A SINFONIA DE UM PROGRESSO DESORDENADO
Vencedor de quatro troféus no Festival de Brasília (melhor direção entre eles), BRASIL S/A chega ao circuito, ou melhor, ao fiapo de mercado reservado ao cinema nacional que não repete a fórmula das “globochanchadas”. É um filme inusual de um diretor idem: se em PACIFIC (2009) o pernambucano Marcelo Pedroso reuniu vídeos dos passageiros de um cruzeiro rumo a Fernando de Noronha, agora abdica de diálogos para construir uma sinfonia da industrialização do Nordeste.
BRASIL S/A é um deleite para os olhos. Imagens bonitas captadas por uma câmera que se movimenta com leveza apresentam, de início, o trabalho de cortadores de cana-de-açúcar. Aos poucos, a cultura secular dos canaviais se modifica com a chegada das máquinas que substituem o esforço braçal, transformação que Pedroso registra com uma alusão à corrida espacial, como quem diz que não há limite para a automação e, ao mesmo tempo, a imaginação de quem está envolvido com ela.

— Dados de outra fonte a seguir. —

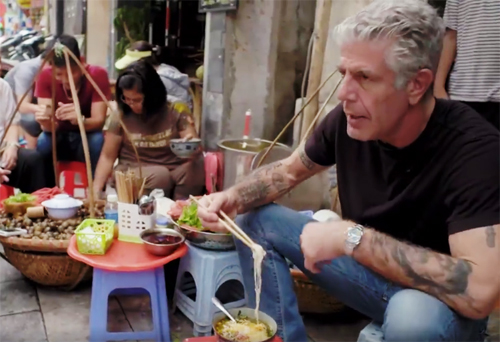 Đầu bếp Mỹ xuýt xoa thích thú khi ăn bún ốc vỉa hè Hà Nội - 2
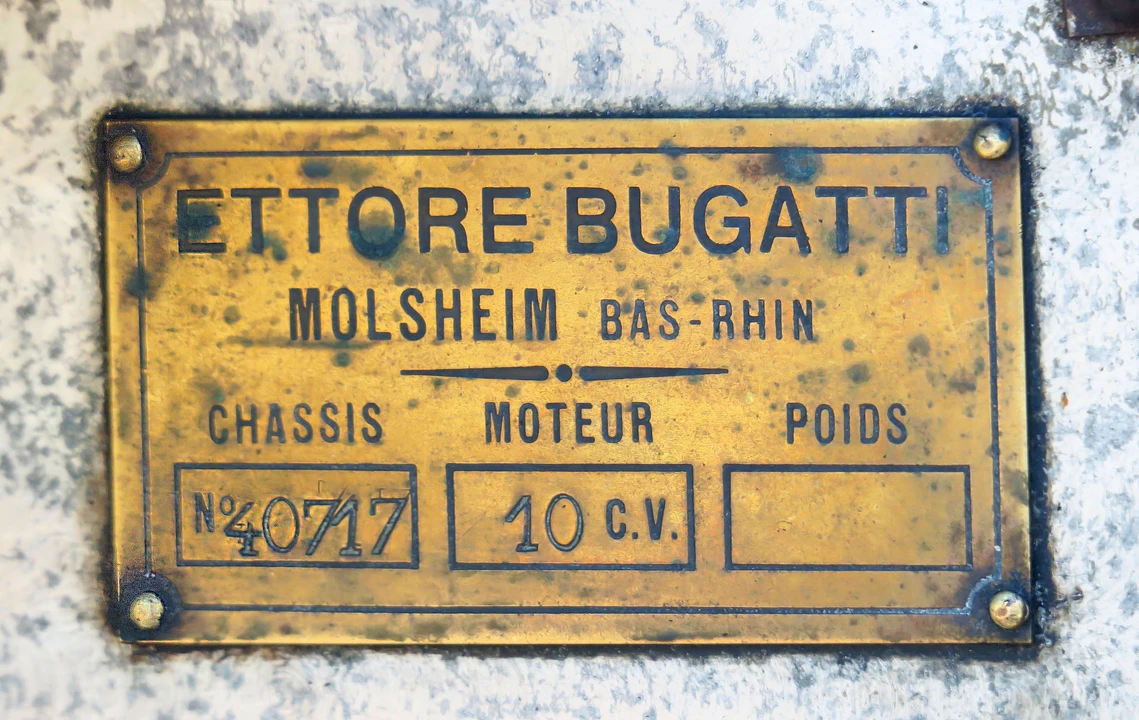 Bugatti - Image 25 of 31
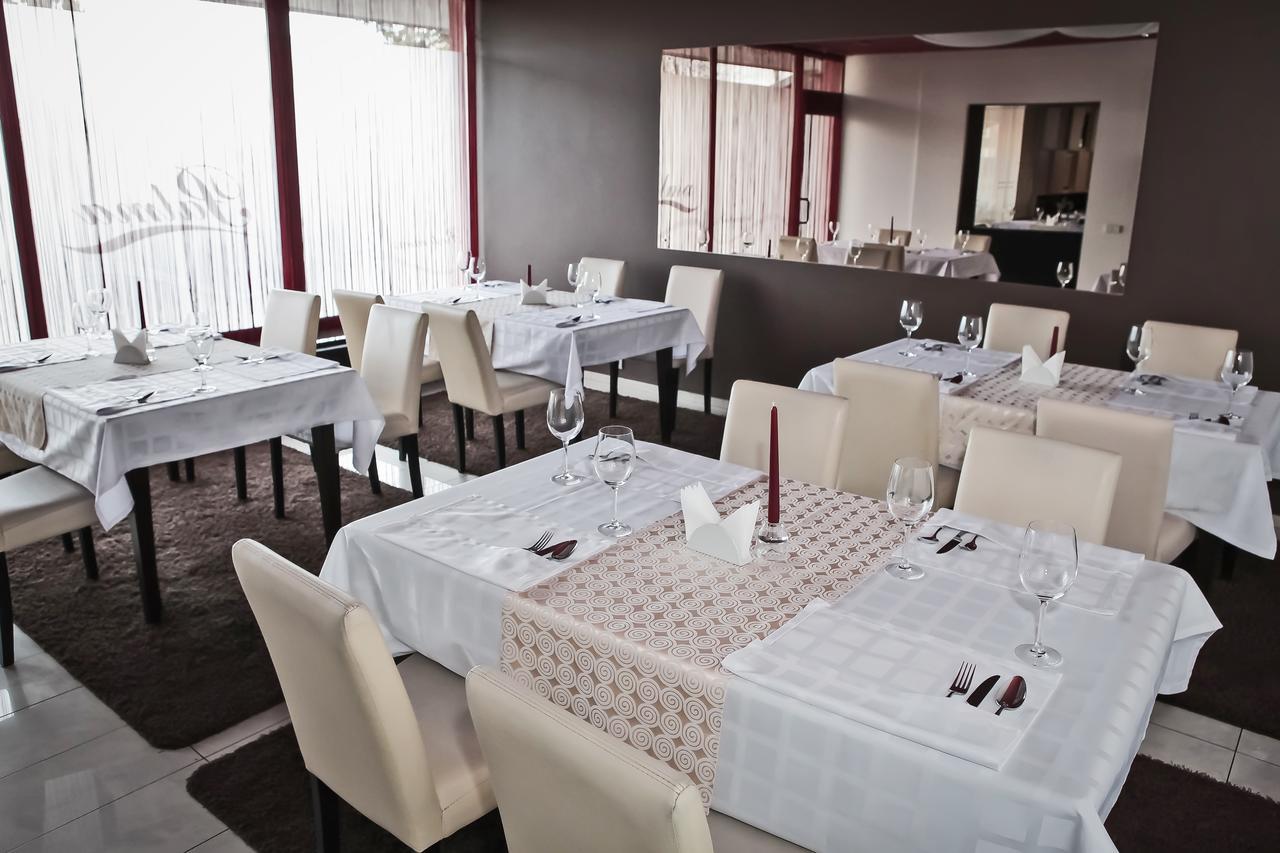 Hotel Palma Mažeikiai Kültér fotó
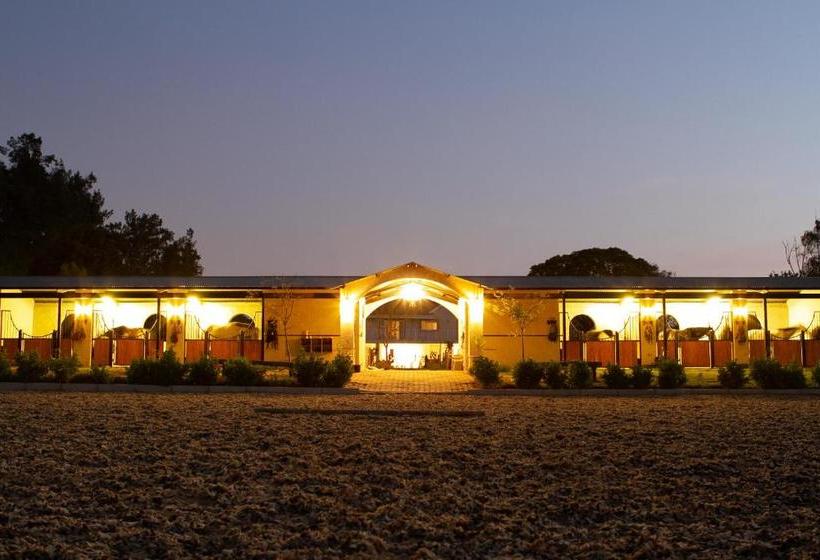 پانسیون The Stables, Beaulieu Kyalami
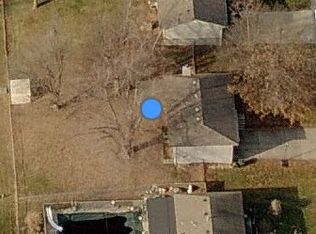 1215 NW Golfview Dr, Grain Valley, MO 64029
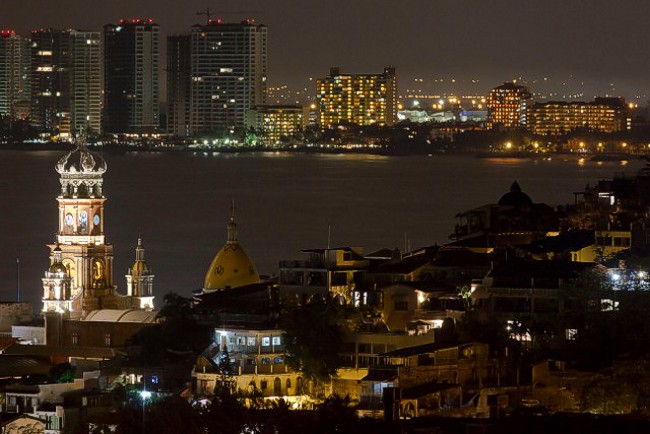 9:59 in Puerta Vallarta | Adam Murphy Photography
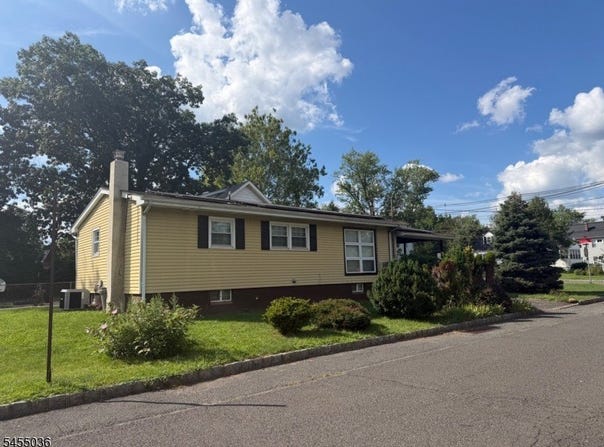 96 Southside Ave, Somerville Boro, NJ 08876-3210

Essa pretensão política e a narrativa sofisticada conduzem BRASIL S/A a um caminho um tantinho diferente daquele que guiou os mais delicados SUÍTE HAVANA (de Fernando Pérez, 2003) e AS QUATRO VOLTAS (Michelangelo Frammartino, 2010), outros ensaios sem diálogos que ganharam os cinemas recentemente. Pedroso afirma ter se inspirado em O HOMEM COM UMA CÂMERA (Dziga Vertov, 1929), e BERLIM, SINFONIA DA METRÓPOLE (Walter Ruttmann, 1927), mas a lembrança in escapável ao espectador é a de SÃO PAULO S/A (Luís Sérgio Person, 1965), o grande clássico brasileiro sobre a industrialização do país.

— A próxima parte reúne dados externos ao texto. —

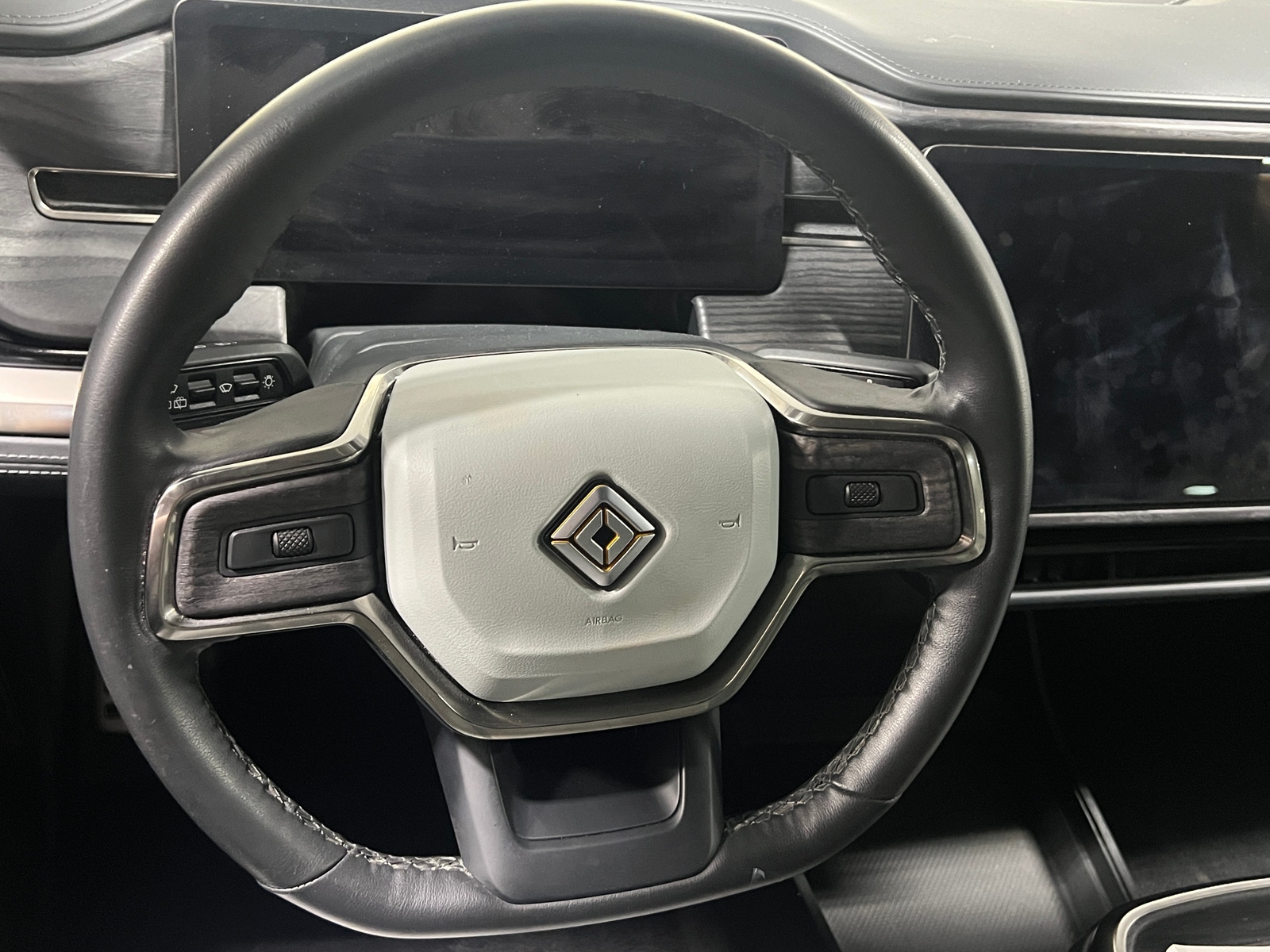 Thumbnail: 2023 Rivian R1S - 4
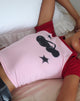 Image de Agneta Baby Tee en rose ballet avec impression de cerises rouges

Assim como o longa estrelado por Walmor Chagas, BRASIL S/A reflete sobre o progresso desordenado, especialmente da região que circunda o Recife, que aparece a todo instante na trama – e de maneira particularmente poética nas sequências finais; Certas associações, algumas mais inspiradas do que outras, fazem pensar em um contexto maior (a mulher seminua conduzindo o balé das escavadoras, o motorista comendo hambúrguer ao volante). Tudo funciona e se complementa, graças, além da fotografia de Ivo Lopes Araújo, ao ritmo da ótima trilha de Mateus Alves. Nem sempre, no entanto, com a mesma força. A sinfonia do Brasil descontrolado de Marcelo Pedroso tem a ver com o próprio país: é bela, sedutora, porém desigual, irregular.